Home Technology peripherals AI Behind the popularity of ChatGPT, where is the future direction of artificial intelligence development?

Behind the popularity of ChatGPT, where is the future direction of artificial intelligence development?

Apr 12, 2023 pm 06:19 PM
AI chatgpt language model

This article is reproduced from the WeChat public account "Living in the Information Age". The author lives in the information age. To reprint this article, please contact the Living in the Information Age public account.

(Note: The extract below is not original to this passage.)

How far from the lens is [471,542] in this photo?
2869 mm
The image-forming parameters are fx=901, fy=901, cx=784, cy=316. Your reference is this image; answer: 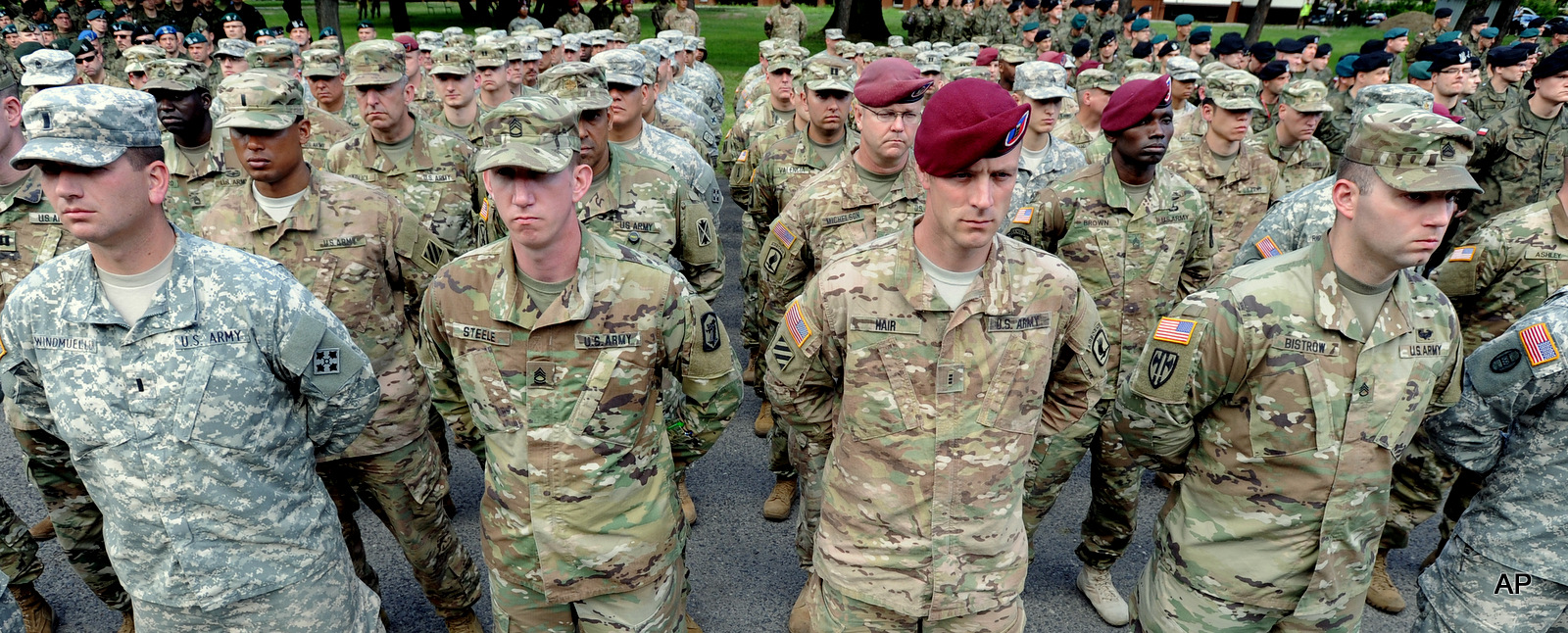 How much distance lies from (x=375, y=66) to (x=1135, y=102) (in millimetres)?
4263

In the past few days, the hottest thing in the field of artificial intelligence is ChatGPT, a conversational and chatting robot developed by OpenAI.

ChatGPT is a large-scale pre-trained language model that can generate human-like text responses in conversations. Its algorithm is based on the most popular Transformer architecture, which is a deep neural network that uses a self-attention mechanism to process input data. It is widely used in various natural language processing tasks. ChatGPT is trained based on a large amount of text dialogue data sets and uses a self-attention mechanism to learn the patterns and structures of human-like dialogue. This makes his answer very close to that of a real person. Some people even think that ChatGPT can completely replace search engines.

In Zhihu author DeFi's popular science article "Popular Science: What is ChatGPT?" 》, ChatGPT is introduced. As shown in the picture:

Behind the popularity of ChatGPT, where is the future direction of artificial intelligence development?

But at the end of the article, the author gave everyone an easter egg, indicating that the article itself was written by ChatGPT itself . For example, in the "Introduction to ChatGPT" section in the picture above, the author is asking ChatGPT: What is ChatGPT? The answers I got later, similar to the "Algorithm" section, were the answers the author got after asking "What is the algorithm behind ChatGPT?"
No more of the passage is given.